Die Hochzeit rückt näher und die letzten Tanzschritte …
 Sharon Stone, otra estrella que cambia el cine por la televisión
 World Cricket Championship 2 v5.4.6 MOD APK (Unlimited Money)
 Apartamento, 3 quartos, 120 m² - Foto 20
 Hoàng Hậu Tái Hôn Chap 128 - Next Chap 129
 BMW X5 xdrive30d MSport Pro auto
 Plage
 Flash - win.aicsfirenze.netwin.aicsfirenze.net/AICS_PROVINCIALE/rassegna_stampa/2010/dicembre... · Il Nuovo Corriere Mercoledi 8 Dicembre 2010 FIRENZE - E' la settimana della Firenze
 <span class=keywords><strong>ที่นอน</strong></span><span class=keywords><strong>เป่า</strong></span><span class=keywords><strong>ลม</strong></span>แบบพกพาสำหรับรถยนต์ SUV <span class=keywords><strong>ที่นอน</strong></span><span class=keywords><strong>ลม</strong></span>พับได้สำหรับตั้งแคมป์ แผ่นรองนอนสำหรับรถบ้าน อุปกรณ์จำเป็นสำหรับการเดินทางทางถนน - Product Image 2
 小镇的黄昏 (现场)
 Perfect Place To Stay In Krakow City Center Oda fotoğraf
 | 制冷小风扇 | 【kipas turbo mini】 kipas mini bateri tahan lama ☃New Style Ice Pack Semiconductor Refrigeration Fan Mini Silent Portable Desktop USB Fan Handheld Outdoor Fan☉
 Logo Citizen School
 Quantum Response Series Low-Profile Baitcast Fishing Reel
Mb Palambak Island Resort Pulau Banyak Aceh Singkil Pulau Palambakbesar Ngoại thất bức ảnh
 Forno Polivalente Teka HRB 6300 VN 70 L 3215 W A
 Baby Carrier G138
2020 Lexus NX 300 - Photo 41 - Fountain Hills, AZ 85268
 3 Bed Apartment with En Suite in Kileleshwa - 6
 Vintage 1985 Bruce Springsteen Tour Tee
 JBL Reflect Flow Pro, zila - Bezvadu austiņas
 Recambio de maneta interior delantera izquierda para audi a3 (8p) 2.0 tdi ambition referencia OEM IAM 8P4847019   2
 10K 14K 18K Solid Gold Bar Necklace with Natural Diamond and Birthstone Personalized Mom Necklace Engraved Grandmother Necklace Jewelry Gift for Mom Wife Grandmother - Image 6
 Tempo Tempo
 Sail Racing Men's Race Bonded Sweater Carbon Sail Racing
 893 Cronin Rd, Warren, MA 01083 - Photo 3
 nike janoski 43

• _Problem details_
The material above must be written out again in full, exactly.

• _Response to this exercise_
Die Hochzeit rückt näher und die letzten Tanzschritte …
 Sharon Stone, otra estrella que cambia el cine por la televisión
 World Cricket Championship 2 v5.4.6 MOD APK (Unlimited Money)
 Apartamento, 3 quartos, 120 m² - Foto 20
 Hoàng Hậu Tái Hôn Chap 128 - Next Chap 129
 BMW X5 xdrive30d MSport Pro auto
 Plage
 Flash - win.aicsfirenze.netwin.aicsfirenze.net/AICS_PROVINCIALE/rassegna_stampa/2010/dicembre... · Il Nuovo Corriere Mercoledi 8 Dicembre 2010 FIRENZE - E' la settimana della Firenze
 <span class=keywords><strong>ที่นอน</strong></span><span class=keywords><strong>เป่า</strong></span><span class=keywords><strong>ลม</strong></span>แบบพกพาสำหรับรถยนต์ SUV <span class=keywords><strong>ที่นอน</strong></span><span class=keywords><strong>ลม</strong></span>พับได้สำหรับตั้งแคมป์ แผ่นรองนอนสำหรับรถบ้าน อุปกรณ์จำเป็นสำหรับการเดินทางทางถนน - Product Image 2
 小镇的黄昏 (现场)
 Perfect Place To Stay In Krakow City Center Oda fotoğraf
 | 制冷小风扇 | 【kipas turbo mini】 kipas mini bateri tahan lama ☃New Style Ice Pack Semiconductor Refrigeration Fan Mini Silent Portable Desktop USB Fan Handheld Outdoor Fan☉
 Logo Citizen School
 Quantum Response Series Low-Profile Baitcast Fishing Reel
Mb Palambak Island Resort Pulau Banyak Aceh Singkil Pulau Palambakbesar Ngoại thất bức ảnh
 Forno Polivalente Teka HRB 6300 VN 70 L 3215 W A
 Baby Carrier G138
2020 Lexus NX 300 - Photo 41 - Fountain Hills, AZ 85268
 3 Bed Apartment with En Suite in Kileleshwa - 6
 Vintage 1985 Bruce Springsteen Tour Tee
 JBL Reflect Flow Pro, zila - Bezvadu austiņas
 Recambio de maneta interior delantera izquierda para audi a3 (8p) 2.0 tdi ambition referencia OEM IAM 8P4847019   2
 10K 14K 18K Solid Gold Bar Necklace with Natural Diamond and Birthstone Personalized Mom Necklace Engraved Grandmother Necklace Jewelry Gift for Mom Wife Grandmother - Image 6
 Tempo Tempo
 Sail Racing Men's Race Bonded Sweater Carbon Sail Racing
 893 Cronin Rd, Warren, MA 01083 - Photo 3
 nike janoski 43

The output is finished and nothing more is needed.